Maintaining harmony in the home
If you’ve ever sung in a choir, you know that it only takes one off-key voice to throw the whole thing off. You may not be able to identify a source of the sour note, but your ears will certainly feel the resulting discomfort. On the other hand, the result of many parts clicking into place can be euphoric. Harmony in design is that sense of “rightness” that occurs when there’s aesthetic agreement among visual elements. At their best, even the most visually dynamic spaces should produce a certain feeling of calm. You see contrast and interest, but not competition or discord. To put it another way, a visitor to your home should be able to walk through the rooms and feel certain that they embody the style and lifestyle of just one family.
A palette of sea, sand, and sunset colors combines with lots of natural texture for visual harmony in the above condo by Carrier and Company. The main living area plays vivid corals and yellows off of sandy beige tones, which makes for striking contrast to the ocean view. You’ll also notice the abundance of natural texture. Although it’s everywhere in this space, no single material is repeated: rattan chairs, a live wood coffee table, geometric jute carpet, and cork on the lampshade simultaneously present unity and variety. In the den, on the other hand, we see neutral walls, but in a distressed natural wood. More texture appears in the bunching tables and daybed, but there’s no repetition of the exact elements seen in the living room.
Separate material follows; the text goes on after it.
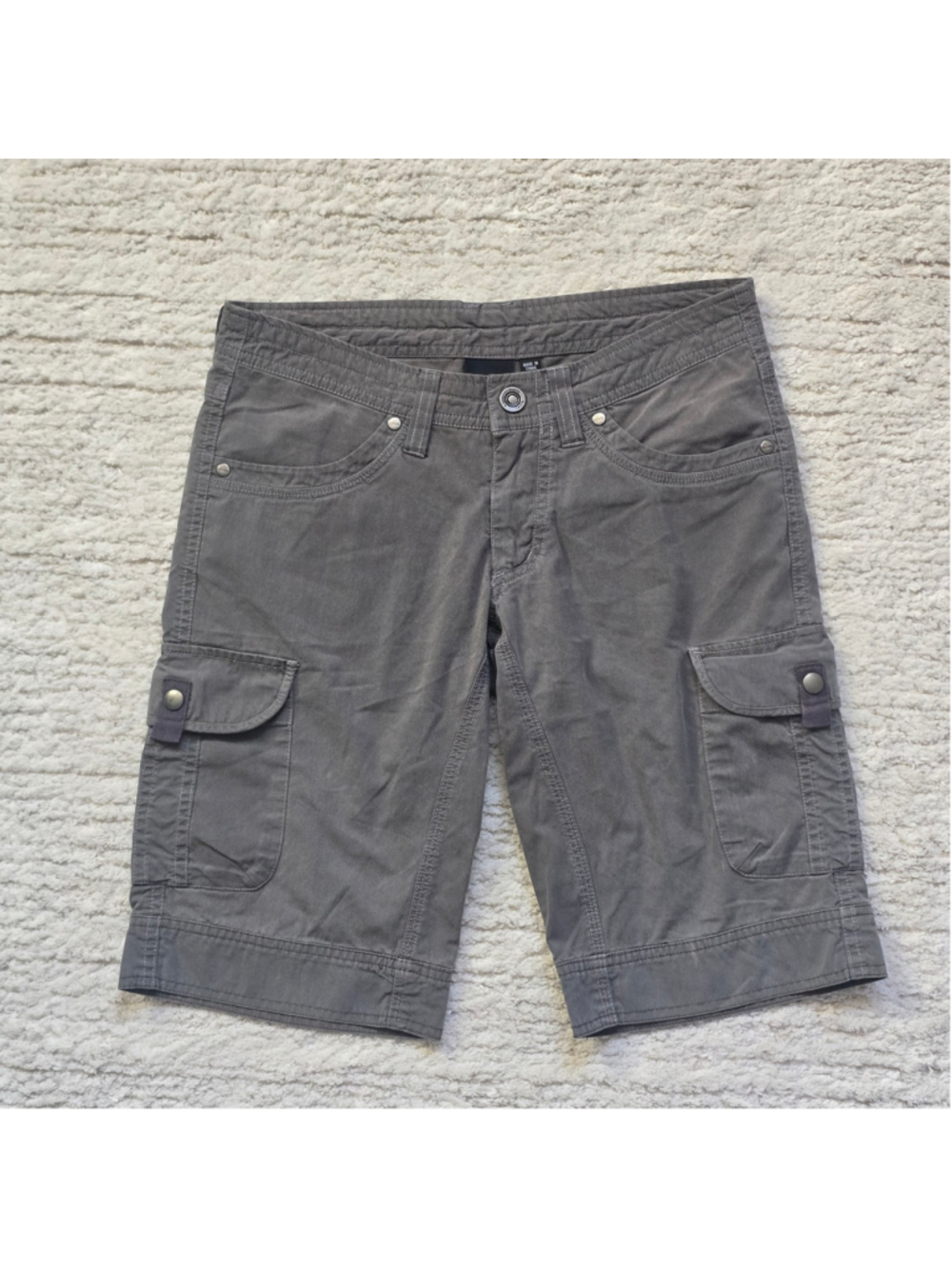 Women's Kuhl Grey Cargo Shorts Size 2 - Small mark on left and right leg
Here we also see accents in blue, and peachy echoes of the living room’s coral tones in the painting.
If you view the full project on Carrier and Company’s website (Gulf Shore Naples Retreat), you’ll notice that they’ve recycled the same elements in the condo’s additional spaces. The master bedroom is done in an allover azure tone, while the additional bedrooms use bolder versions of the existing colors to distinguish the spaces from one another. This project also exemplifies another crucial aspect of harmony. This is a beach home, and although everything is impeccably done, none of it looks too precious. Elegant carved wood furniture in a high sheen finish would be completely out of place here, a definite sour note in the composition. Likewise, the spaces in your own home should be harmonious in purpose and mood. It can be a very fine distinction between contrast that is interesting and unique, or just plain wrong.
As with understanding any other principle of aesthetics, the best way to educate your eye is by viewing a lot of good design. In this case, make a point to explore whole projects in the portfolios of designers you admire. Pay particular attention to shots that show you a glimpse of the next room, and you’ll get an idea of how spaces connect to one another visually. This is particularly important in small or open-plan homes. You may not necessarily choose a consistent color palette for your own home; that’s only one way to do it. It is important, however, that there be threads of commonality running through your space.